Stored dataset items:
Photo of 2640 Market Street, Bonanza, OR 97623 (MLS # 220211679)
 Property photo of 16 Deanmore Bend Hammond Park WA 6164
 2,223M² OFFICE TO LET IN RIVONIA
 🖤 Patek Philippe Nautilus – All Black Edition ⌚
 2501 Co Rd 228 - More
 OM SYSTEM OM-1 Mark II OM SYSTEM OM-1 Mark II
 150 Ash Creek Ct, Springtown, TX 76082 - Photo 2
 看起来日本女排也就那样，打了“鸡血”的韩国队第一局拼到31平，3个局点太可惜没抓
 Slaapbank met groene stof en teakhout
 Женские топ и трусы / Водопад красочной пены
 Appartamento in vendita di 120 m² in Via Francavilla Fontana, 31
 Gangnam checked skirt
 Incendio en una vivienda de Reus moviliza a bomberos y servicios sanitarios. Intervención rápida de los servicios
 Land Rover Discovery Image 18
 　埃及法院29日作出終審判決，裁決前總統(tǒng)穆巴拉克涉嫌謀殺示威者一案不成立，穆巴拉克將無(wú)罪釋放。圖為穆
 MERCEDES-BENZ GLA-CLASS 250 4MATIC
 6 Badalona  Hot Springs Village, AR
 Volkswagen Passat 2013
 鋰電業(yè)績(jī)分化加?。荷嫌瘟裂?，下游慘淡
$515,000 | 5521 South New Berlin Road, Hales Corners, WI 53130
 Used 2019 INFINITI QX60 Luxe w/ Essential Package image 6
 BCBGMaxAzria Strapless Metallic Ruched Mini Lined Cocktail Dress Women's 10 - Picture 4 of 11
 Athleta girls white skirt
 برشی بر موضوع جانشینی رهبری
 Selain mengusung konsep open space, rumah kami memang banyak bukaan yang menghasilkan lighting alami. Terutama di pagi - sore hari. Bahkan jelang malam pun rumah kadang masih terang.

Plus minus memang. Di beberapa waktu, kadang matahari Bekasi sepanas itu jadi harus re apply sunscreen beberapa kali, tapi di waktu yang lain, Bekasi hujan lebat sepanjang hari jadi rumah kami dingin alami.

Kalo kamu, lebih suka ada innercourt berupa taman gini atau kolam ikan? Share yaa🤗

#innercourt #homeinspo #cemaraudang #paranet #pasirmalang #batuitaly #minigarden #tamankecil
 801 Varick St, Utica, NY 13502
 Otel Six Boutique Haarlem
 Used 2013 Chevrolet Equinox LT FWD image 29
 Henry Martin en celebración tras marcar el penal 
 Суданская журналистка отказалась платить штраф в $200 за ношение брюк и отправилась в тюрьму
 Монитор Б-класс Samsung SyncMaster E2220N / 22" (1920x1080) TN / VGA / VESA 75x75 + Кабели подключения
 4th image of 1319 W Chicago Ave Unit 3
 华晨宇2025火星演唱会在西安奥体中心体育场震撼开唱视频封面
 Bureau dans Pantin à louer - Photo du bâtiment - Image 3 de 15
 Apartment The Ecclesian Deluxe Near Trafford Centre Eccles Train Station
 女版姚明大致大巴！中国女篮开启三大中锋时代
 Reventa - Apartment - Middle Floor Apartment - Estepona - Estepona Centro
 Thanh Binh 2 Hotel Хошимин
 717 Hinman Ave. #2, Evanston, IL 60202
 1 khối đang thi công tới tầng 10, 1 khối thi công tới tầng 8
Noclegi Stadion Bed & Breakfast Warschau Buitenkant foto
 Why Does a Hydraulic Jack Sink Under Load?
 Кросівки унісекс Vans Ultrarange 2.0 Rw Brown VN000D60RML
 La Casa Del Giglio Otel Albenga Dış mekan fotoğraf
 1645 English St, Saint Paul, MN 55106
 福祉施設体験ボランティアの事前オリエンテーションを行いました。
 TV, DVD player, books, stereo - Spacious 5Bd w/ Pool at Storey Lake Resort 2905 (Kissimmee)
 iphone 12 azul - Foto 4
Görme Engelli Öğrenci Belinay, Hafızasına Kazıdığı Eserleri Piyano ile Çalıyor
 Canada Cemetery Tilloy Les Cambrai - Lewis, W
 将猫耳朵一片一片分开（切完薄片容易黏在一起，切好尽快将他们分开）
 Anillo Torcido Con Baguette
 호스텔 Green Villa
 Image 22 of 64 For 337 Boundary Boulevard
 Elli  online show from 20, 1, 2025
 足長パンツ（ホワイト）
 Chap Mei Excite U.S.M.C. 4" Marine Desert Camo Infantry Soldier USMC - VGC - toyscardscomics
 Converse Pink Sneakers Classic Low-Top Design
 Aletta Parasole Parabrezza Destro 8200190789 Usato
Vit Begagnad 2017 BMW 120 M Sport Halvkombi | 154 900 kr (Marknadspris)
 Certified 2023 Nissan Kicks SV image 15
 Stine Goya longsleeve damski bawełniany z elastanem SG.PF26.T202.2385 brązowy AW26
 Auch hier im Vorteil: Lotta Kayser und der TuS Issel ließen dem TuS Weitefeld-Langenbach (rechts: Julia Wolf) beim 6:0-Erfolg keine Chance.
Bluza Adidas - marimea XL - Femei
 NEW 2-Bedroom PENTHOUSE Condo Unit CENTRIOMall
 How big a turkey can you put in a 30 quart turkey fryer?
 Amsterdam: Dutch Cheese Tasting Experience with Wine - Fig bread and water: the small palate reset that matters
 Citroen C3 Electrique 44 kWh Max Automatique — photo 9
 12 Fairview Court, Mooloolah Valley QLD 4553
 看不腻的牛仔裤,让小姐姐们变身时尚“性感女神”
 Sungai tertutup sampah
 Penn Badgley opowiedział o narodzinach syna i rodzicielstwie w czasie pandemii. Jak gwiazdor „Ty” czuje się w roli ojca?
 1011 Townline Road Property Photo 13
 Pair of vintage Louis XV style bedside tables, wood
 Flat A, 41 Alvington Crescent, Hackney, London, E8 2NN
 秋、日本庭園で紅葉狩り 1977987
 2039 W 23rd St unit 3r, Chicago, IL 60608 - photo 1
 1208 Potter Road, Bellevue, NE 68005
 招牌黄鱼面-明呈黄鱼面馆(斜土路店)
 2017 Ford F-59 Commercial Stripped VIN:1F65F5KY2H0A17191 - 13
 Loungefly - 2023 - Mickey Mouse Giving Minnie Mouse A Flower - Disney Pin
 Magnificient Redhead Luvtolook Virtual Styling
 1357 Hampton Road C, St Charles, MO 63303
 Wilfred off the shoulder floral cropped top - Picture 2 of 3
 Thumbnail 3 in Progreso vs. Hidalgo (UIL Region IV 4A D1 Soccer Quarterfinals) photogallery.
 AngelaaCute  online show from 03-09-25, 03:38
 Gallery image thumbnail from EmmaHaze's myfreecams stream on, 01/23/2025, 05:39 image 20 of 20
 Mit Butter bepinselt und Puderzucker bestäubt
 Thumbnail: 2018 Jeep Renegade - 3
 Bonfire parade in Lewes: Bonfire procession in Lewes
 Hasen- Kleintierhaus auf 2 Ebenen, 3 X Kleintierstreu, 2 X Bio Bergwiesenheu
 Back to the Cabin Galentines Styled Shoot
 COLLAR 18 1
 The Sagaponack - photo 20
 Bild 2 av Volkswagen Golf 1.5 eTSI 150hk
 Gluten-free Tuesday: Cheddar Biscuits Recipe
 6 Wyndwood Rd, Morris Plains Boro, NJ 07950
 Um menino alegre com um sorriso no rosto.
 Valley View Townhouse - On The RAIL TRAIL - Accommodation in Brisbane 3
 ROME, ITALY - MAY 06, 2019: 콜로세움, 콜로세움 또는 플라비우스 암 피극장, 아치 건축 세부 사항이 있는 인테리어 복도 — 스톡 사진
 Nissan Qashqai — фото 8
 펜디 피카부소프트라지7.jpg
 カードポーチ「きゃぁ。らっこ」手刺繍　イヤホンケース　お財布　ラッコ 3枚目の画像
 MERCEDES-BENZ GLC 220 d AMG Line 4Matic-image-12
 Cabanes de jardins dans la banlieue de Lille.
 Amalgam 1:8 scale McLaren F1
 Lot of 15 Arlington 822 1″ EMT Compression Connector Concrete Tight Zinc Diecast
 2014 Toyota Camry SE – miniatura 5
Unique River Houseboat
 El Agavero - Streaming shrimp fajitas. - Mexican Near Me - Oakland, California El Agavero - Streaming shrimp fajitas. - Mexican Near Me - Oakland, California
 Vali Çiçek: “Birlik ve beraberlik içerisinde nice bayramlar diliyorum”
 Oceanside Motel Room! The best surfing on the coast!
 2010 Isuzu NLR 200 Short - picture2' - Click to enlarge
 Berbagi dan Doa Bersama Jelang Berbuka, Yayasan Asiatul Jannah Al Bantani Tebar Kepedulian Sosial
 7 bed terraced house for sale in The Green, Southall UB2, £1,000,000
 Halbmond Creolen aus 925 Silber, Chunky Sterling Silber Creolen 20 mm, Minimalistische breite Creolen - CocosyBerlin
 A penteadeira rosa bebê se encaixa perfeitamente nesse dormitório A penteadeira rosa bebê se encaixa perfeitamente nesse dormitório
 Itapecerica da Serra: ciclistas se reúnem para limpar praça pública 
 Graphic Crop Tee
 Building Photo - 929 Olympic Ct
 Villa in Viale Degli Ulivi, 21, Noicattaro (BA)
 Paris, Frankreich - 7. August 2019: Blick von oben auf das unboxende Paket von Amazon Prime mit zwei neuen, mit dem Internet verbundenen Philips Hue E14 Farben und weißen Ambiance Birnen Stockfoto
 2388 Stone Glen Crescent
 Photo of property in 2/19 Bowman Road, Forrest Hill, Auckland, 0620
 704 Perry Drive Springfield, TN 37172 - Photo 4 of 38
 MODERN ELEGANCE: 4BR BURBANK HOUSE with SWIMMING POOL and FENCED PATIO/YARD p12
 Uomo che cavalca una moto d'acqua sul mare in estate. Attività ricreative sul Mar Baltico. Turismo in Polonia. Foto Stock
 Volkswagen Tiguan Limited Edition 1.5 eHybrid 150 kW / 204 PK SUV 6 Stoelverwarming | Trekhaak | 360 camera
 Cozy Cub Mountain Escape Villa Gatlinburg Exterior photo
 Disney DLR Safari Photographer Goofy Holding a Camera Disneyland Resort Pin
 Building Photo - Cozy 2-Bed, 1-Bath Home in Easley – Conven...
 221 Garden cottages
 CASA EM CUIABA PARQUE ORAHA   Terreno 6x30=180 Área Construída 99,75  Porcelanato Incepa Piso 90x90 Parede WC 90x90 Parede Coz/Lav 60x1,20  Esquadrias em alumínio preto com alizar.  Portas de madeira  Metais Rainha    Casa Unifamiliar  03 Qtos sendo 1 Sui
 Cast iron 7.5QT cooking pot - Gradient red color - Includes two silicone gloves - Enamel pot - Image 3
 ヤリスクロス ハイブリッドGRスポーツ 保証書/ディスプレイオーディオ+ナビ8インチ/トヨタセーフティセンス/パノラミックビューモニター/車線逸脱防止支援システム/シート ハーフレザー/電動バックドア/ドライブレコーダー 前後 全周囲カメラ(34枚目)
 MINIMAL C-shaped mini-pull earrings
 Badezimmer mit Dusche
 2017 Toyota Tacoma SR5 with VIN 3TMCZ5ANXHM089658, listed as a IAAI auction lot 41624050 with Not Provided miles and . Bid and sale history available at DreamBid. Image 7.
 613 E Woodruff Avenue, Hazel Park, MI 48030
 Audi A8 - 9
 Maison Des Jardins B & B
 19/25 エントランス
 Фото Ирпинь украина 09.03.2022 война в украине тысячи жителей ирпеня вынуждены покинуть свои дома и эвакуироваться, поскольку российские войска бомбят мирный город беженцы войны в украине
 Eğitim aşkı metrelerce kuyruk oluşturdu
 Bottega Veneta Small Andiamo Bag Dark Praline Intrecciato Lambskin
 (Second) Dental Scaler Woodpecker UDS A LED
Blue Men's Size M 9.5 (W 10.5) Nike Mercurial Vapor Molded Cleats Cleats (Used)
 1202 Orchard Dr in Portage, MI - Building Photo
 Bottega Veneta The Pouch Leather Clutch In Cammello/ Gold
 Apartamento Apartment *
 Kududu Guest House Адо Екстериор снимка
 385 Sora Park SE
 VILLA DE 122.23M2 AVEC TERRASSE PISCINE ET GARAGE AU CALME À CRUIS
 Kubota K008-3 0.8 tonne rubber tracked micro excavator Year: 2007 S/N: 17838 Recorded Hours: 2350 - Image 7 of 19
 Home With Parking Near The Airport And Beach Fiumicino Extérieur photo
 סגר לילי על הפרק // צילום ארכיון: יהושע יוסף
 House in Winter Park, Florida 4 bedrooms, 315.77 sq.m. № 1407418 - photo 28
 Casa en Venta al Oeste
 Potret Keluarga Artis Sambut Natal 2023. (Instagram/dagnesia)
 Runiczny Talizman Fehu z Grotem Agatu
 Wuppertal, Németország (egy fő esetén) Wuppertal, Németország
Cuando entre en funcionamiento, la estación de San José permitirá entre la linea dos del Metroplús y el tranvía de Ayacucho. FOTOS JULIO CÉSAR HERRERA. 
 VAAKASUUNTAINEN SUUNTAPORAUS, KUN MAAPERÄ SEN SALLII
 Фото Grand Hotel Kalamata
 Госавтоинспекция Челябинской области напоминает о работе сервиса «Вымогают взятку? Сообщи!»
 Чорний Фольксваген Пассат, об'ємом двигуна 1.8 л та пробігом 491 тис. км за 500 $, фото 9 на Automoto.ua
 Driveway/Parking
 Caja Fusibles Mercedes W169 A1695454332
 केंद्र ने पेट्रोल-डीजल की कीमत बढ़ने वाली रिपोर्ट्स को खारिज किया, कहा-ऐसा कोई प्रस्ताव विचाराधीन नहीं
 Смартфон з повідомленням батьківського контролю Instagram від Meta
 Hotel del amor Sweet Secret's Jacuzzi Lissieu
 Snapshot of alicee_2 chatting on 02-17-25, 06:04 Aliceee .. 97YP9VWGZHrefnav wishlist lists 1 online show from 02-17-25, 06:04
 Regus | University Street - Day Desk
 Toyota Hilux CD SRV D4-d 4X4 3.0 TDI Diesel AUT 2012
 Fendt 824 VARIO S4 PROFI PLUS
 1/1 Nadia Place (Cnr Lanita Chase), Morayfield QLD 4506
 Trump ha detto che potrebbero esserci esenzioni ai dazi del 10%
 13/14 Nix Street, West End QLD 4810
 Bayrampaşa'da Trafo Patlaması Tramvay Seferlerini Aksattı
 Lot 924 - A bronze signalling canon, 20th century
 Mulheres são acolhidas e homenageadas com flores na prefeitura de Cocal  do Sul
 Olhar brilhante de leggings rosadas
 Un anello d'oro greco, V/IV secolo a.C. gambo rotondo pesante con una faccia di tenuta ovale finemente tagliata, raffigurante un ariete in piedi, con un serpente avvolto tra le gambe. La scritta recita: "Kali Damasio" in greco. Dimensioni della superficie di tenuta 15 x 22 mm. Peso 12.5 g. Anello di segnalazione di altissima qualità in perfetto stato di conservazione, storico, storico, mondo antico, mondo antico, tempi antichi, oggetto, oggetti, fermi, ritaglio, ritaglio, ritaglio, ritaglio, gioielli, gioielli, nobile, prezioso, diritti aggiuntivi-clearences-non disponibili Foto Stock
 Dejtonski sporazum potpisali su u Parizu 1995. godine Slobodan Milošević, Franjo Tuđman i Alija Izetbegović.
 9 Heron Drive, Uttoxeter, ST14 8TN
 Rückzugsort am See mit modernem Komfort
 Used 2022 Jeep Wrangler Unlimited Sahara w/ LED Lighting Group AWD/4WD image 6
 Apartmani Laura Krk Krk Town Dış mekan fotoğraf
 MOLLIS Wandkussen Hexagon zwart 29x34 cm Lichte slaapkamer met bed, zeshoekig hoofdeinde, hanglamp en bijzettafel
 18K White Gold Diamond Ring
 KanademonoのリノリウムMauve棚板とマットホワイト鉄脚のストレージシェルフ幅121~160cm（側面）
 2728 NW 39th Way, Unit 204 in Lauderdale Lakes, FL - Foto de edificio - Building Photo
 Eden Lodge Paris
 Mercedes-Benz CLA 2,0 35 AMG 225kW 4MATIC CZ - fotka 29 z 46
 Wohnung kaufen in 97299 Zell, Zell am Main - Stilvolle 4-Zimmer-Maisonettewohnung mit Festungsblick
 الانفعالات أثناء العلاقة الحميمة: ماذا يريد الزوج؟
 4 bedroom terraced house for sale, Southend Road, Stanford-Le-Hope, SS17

Task brief> As listed above, the lines from the line with "ROME, ITALY - MAY" to the line with "Unique River Houseboat" are to be echoed exactly, with both ends included and nothing added.

Written answer>
 ROME, ITALY - MAY 06, 2019: 콜로세움, 콜로세움 또는 플라비우스 암 피극장, 아치 건축 세부 사항이 있는 인테리어 복도 — 스톡 사진
 Nissan Qashqai — фото 8
 펜디 피카부소프트라지7.jpg
 カードポーチ「きゃぁ。らっこ」手刺繍　イヤホンケース　お財布　ラッコ 3枚目の画像
 MERCEDES-BENZ GLC 220 d AMG Line 4Matic-image-12
 Cabanes de jardins dans la banlieue de Lille.
 Amalgam 1:8 scale McLaren F1
 Lot of 15 Arlington 822 1″ EMT Compression Connector Concrete Tight Zinc Diecast
 2014 Toyota Camry SE – miniatura 5
Unique River Houseboat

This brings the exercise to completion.